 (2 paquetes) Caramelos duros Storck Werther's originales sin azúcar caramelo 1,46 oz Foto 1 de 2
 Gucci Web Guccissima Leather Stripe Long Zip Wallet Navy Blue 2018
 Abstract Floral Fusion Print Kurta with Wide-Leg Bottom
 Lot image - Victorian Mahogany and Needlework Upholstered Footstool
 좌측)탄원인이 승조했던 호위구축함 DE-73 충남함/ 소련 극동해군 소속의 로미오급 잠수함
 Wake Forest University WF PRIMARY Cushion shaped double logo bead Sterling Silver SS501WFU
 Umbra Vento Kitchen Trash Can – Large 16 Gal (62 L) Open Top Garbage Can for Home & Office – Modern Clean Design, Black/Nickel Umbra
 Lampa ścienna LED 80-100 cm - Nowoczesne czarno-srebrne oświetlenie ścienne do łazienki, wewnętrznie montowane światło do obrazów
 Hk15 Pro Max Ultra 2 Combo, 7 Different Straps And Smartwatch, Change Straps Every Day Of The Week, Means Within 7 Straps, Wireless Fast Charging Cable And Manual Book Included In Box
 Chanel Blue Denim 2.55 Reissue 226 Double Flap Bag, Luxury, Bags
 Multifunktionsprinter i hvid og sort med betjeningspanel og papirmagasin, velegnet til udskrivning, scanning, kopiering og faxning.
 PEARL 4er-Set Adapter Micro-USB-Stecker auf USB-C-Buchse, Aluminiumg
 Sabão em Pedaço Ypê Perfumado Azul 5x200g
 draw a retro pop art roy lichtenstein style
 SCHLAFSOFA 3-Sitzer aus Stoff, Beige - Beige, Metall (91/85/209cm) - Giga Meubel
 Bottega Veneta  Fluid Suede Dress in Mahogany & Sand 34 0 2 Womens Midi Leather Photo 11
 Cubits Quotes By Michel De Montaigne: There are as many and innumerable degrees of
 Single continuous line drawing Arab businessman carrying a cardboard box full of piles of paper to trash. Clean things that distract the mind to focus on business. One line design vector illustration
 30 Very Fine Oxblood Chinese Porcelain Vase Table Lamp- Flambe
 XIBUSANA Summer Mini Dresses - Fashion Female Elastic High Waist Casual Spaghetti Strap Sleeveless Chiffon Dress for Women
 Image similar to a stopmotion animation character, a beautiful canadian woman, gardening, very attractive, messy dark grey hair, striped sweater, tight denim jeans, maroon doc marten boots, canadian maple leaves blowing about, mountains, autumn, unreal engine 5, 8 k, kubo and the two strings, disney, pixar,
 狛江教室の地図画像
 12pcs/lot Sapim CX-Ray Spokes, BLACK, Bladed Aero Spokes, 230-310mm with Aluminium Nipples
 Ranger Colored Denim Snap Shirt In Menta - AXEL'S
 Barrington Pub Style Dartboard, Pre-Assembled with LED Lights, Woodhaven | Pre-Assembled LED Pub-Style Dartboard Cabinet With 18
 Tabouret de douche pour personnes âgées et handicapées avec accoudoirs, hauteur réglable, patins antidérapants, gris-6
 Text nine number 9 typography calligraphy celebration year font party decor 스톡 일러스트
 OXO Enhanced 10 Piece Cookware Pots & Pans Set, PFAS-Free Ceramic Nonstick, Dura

__Activity__
Look over the listing above and copy each line that contains "Blue".

__Result of the task__
 Gucci Web Guccissima Leather Stripe Long Zip Wallet Navy Blue 2018
 Chanel Blue Denim 2.55 Reissue 226 Double Flap Bag, Luxury, Bags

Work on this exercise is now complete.